À quoi on peut opposer une autre logique : les avantages doivent être proportionnels aux risques. Le risque étant limité à un territoire particulier, il est juste que les habitants de ce territoire aient une plus large part des redevances et l’on est en droit de s’attendre à ce que les Québécois dans leur ensemble se montrent solidaires à leur endroit. Cela favoriserait l’acceptabilité des projets par les populations locales.

Équité intergénérationnelle

Juridiquement, tout ce qui se retrouve dans le sous-sol est une propriété publique. L’État québécois est alors le gestionnaire de ces ressources, dont le pétrole. C’est pourquoi il peut exiger des redevances au nom de l’ensemble des Québécois. Le pétrole qui est sous terre ne s’enfuira pas. Et celui qui est exploité aujourd’hui ne pourra pas l’être demain. Exploiter ou ne pas exploiter, exploiter aujourd’hui ou demain, ces choix doivent s’appuyer sur les meilleures analyses possibles. Tous les scénarios doivent être envisagés. Ce n’est pas parce qu’on est en mesure d’exploiter un gisement qu’on doit le faire.

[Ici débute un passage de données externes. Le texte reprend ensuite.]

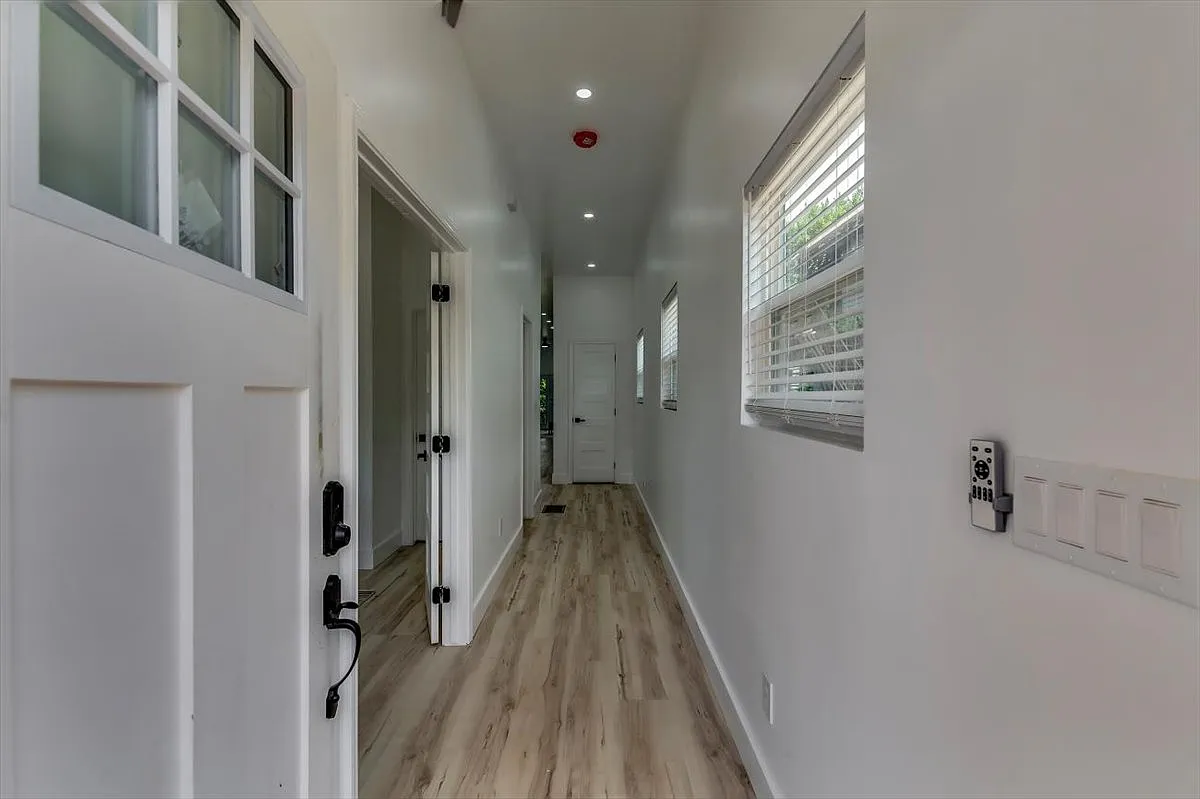4 bed, 1852 sqft, $2,800 — Photo 3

À condition que l’on prenne acte du fait que s’il appartient à tous les Québécois d’aujourd’hui, il appartient aussi aux générations futures. Si on décide de l’exploiter aujourd’hui, il faut donc, par souci d’équité intergénérationnelle, éviter que les redevances retirées de son exploitation ne servent à financer les dépenses courantes du gouvernement. Il faut plutôt les consacrer à des projets durables, des projets qui contribueront au bien-être des générations futures.

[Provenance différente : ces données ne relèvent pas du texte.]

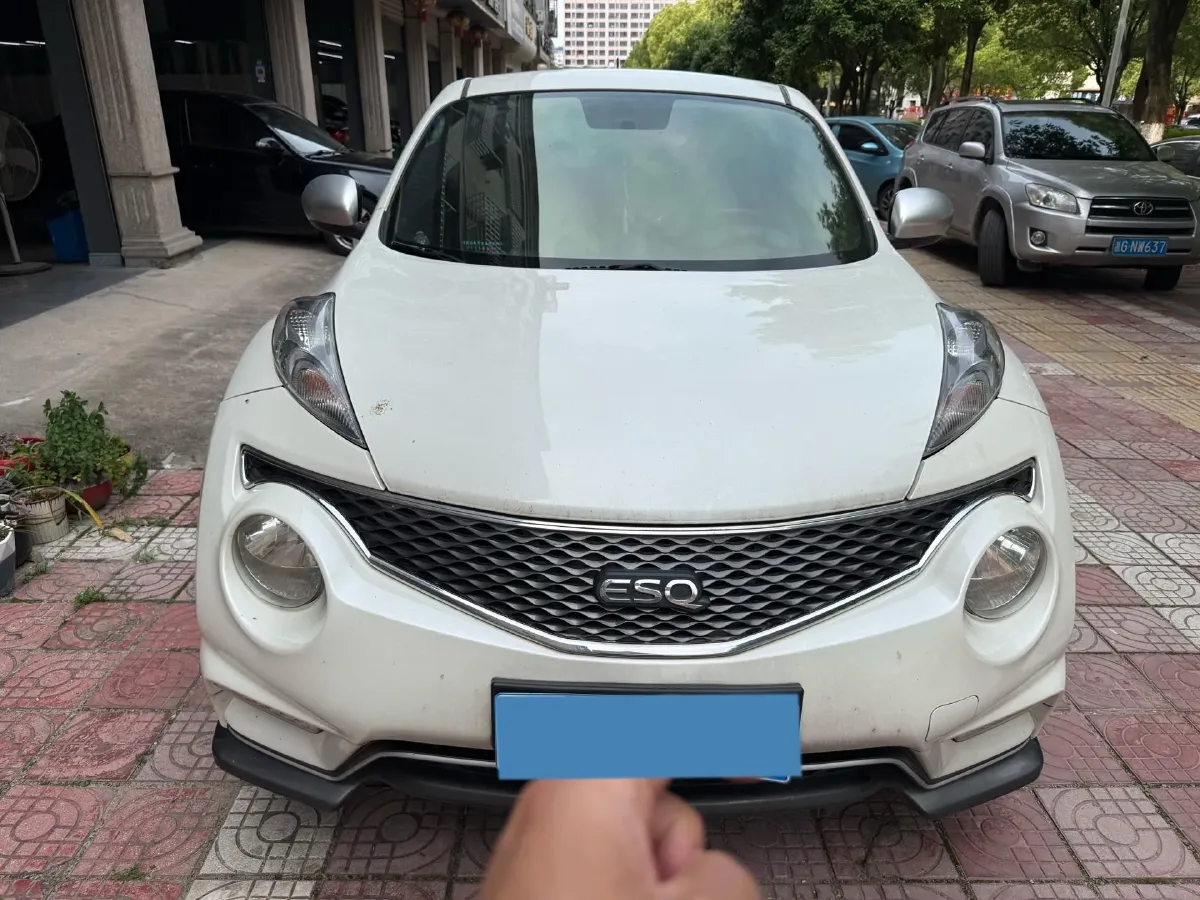 2014 Infiniti ESQ 1.6L 116HP L4 CVT,autocango,china used car exporter,china ev exporter,chinese used car exporter,chinese used ev exporter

Des voix se font entendre afin que le Québec se libère du pétrole. C’est un but souhaitable certes, mais à long terme. Il n’y a pas de moyens faciles de l’atteindre. Puisque notre pétrole est destiné principalement au transport, nos pistes de solutions sont limitées. Le Québec n’influence guère le marché de l’automobile. La voiture électrique, par exemple, n’est pas le choix idéal dans plusieurs régions du monde : la production des accumulateurs lithium-ion est une activité très polluante et les émissions de gaz à effet de serre des automobiles varient en fonction de la source d’électricité utilisée. Les analyses de cycle de vie montrent qu’en Europe il faut parcourir près de 150 000km avec une voiture électrique pour bénéficier d’un gain environnemental. Bref, les voitures électriques ne révolutionneront pas le monde du transport dans un avenir rapproché.

Si nous voulons nous libérer du pétrole, c’est l’aménagement de notre territoire et la révision de nos modes de transport qui doivent être des priorités. Les redevances tirées de l’exploitation pétrolière pourraient être consacrées à l’élaboration d’un réseau de transport moins dépendant de la voiture individuelle.